Diagrammatic representation of the relationship between the internal jugular vein (IJV) variations and the omohyoid muscle. The recommended definition of bifurcation (superior to the level of omohyoid) and duplication (inferior to the omohyoid) are shown (red line indicates the level where the omohyoid muscle crosses the IJV).
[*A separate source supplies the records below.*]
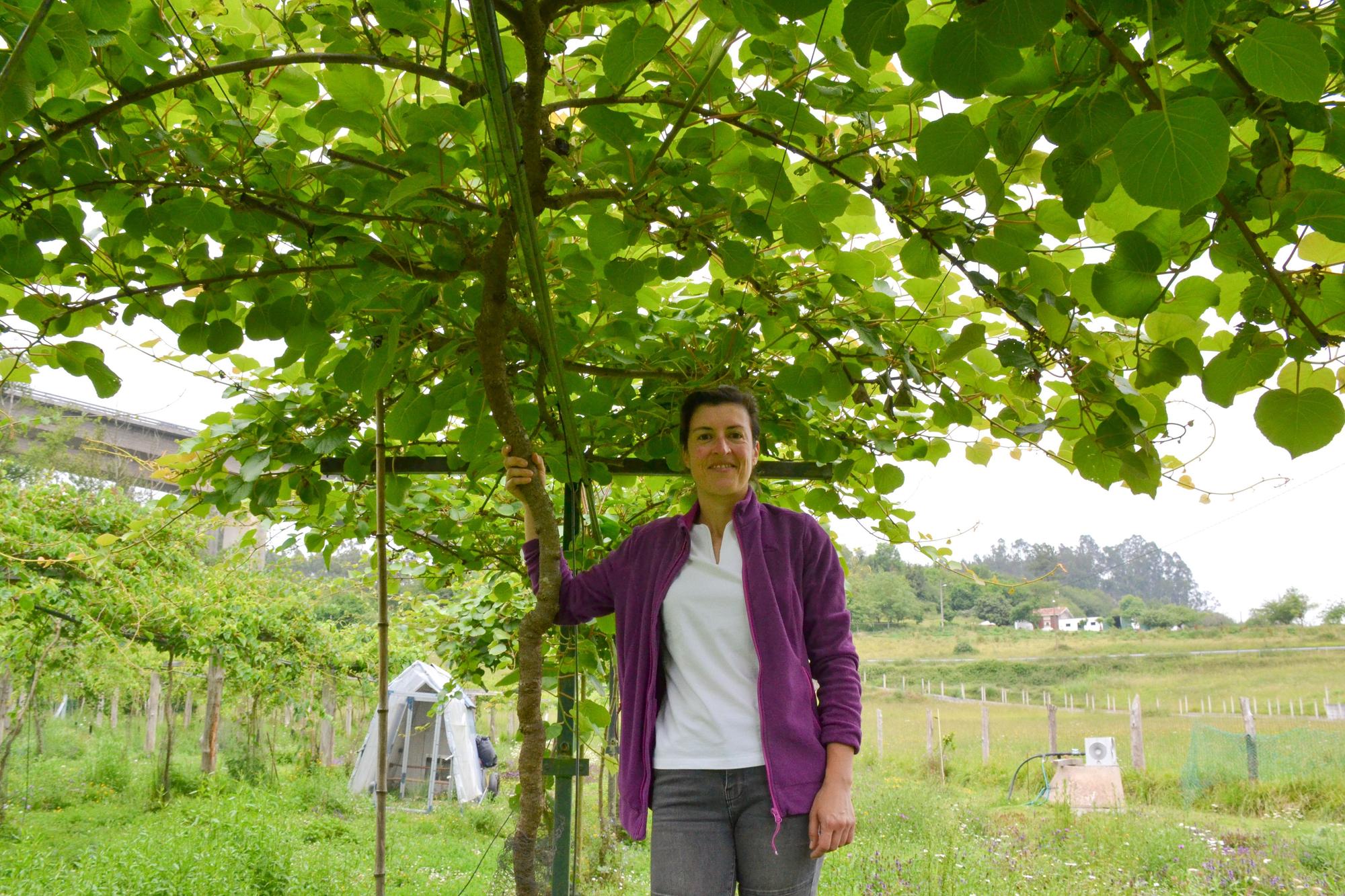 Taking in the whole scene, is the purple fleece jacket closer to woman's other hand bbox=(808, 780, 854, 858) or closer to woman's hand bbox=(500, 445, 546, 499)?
woman's other hand bbox=(808, 780, 854, 858)

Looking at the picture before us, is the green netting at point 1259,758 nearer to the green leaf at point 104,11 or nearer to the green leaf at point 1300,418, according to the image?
the green leaf at point 1300,418

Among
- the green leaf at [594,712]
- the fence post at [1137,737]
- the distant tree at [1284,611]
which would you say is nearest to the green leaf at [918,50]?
the green leaf at [594,712]

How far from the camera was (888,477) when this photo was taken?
2.06 metres

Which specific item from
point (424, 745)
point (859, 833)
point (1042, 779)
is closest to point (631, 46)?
point (859, 833)

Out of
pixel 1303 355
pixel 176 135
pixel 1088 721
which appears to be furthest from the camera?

In more than two-third of the patients, these variations were noted to occur on the left side (Table 4). There is evidence to suggest that the right IJV is slightly larger and thicker in dimension compared with the left.2 Additionally, it is common knowledge that the ease of access and relatively less intimate carotid artery makes the right IJV a popular venous access site.

Table 4.

Laterality of anatomical variations.

Laterality Bifurcation Duplication Fenestration Trifurcation Posterior Tributary Total (%)
Right 1 3 5 0 3 12 (30)
Left 3 11 10 1 2 28 (70)

The posterior tributary has been reported in only five patients (including our cases) so far. Anehosur et al noted that the posterior tributary was actually a communication from the external jugular vein, which normally drains directly into the subclavian vein.3 Further dissection to assess this posterior tributary was not carried out in our case, as it was deemed unnecessary for satisfactory completion of the planned procedure.

Conclusions

Anatomical knowledge is one of the basic tenets of surgery. Variations in anatomy are well known amongst both anatomists and surgeons. Surgeons from different fields such as oral and maxillofacial surgery, otolaryngology, vascular, plastic and general surgery frequently operate in the head and neck region. We have endeavoured to improve knowledge, prevent morbidity and promote further understanding regarding these variations.